Initiative 42, if approved by the voters on November 3, 2015 would change Section 201 to read as follows: “To protect each child’s fundamental right to educational opportunity, the State shall provide for the establishment, maintenance and support of an adequate and efficient system of free public schools. The chancery courts of this State shall have the power to enforce this section with appropriate injunctive relief.”
• Initiative 42 Will Erode Parents’ Fundamental Rights. Initiative 42 would grant children, not parents, a radically new State constitutional “child’s fundamental right to educational opportunity.” Under our constitutional system of government, the Supreme Court has historically recognized that parents, not children, have the fundamental right to direct the education and upbringing of our children. For example, in the 1925 decision Pierce v. Society of Sisters the Supreme Court found that parents have the fundamental right to direct a child’s education: “The child is not the mere creature of the state; those who nurture him and direct his destiny have the right and the high duty, to recognize and prepare him for additional obligations.” In the 2000 decision Troxel v. Granville, the U.S. Supreme Court recognized the “fundamental right of parents to rear their children.” Currently parents can decide to enroll their children in their local public school, another school district, a private or religious school, or even homeschool depending on what the parent believes is best for the child. Initiative 42 would provide an end-run around the fundamental educational rights of parents, granting them to children. These are the same types of rights seen in other states where children have sued to obtain “divorces” from parents, or to assert other rights against parents. As a parent, I believe we do have and should continue to have the right to raise and educate our children according to what we as parents believe is best. Initiative 42 will take the rights of parents and transfer them to children.
• Initiative 42 Increases the Power of the “State.” Initiative 42 would grant new powers to some unaccountable agency of the “State” by requiring that the “State shall provide for” education, not the Legislature. Under our current Constitution, the Legislature as the elected body of the people is responsible and accountable to the people for providing for public schools. Initiative 42 would remove the elected Legislature from the process and shift power to the “State” – an undefined impersonal bureaucracy or agency of state government. The people of Mississippi therefore will lose the voice of our elected Legislature in crafting and shaping state educational policy. Who knows which unelected division of the “State” will step up to mandate the educational system for our children?

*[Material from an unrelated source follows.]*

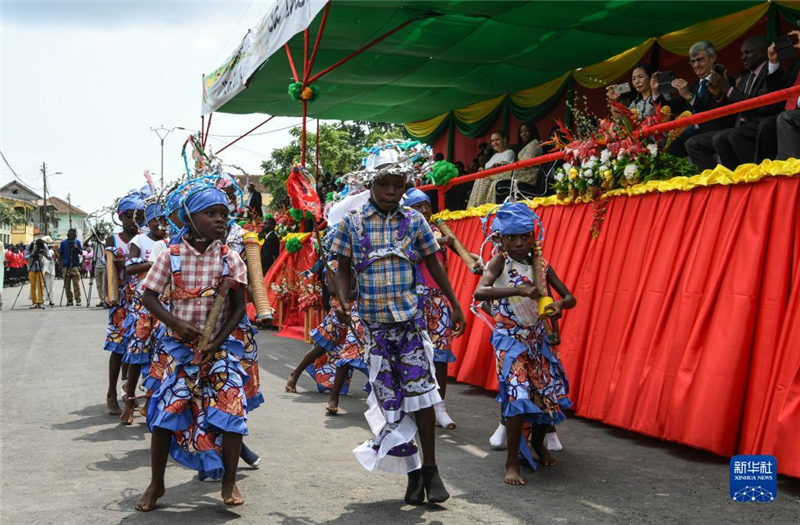 7月12日，演員在圣多美和普林西比圣多美島瓜達(dá)盧佩鎮(zhèn)舉行的獨(dú)立日慶典活動(dòng)上表演。新華社記者 韓旭 攝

• Initiative 42 Goes Much Further than Funding. Initiative 42 will require an undefined “adequate and efficient system” of public schools, not limited to funding. Who will decide what is adequate and efficient? The courts are granted that power under Initiative 42. Courts will hear cases brought perhaps by children, represented by attorneys such as those who crafted Initiative 42. Courts may require the State’s mandatory instructional system be implemented for all affected children and parents. This could involve any aspect of education, not just funding. The State and the courts will be given broad latitude to make virtually all decisions to implement an “adequate and efficient system” regarding issues such as: curriculum (ie: Common Core), taxation, staffing, student-teacher ratios, administration, school district consolidation, and the like. The court may decide that New York or California curriculum is “adequate and efficient.” The court may require that tax dollars from one part of the state be transferred to another school district. The court may raise taxes to pay for these changes. The possibilities are endless, because the phrase “adequate and efficient system” is not defined, and there are no limitations on this power of the courts.
• Initiative 42 Grants Improper Powers to Chancery Courts. Initiative 42 will hand the entire state educational system over to the chancery courts for enforcement. Most Mississippians have been personally involved, or have had family members involved in situations before the chancery courts. Chancery courts are the courts who typically handle divorce, child custody, other family issues, land disputes, will contests, estates, and the like. To be sure, chancery courts play an important role in our society, but I think most Mississippians would agree with me that a chancery judge is not equipped to mandate or impose a statewide system of public schools. Moreover, the State may only be sued in Hinds County, Mississippi. Can we as parents really run the risk of having our children’s education dictated by a judge in Hinds County? I think not.
As a person who takes our constitutional freedoms seriously, as a taxpayer, as a pastor, and most importantly as a parent of four children, I have reached a personal conclusion. My conclusion is that the good intentions of Initiative 42 proponents are outweighed by the enormous legal risks in shifting the entire educational system to the courts. We should not be surprised by these risks, since liberal lawyers carefully drafted Initiative 42 to achieve their purposes. As is the case with most well-intentioned proposals, the devil is in the details. On November 3rd please join me in voting against Initiative 42.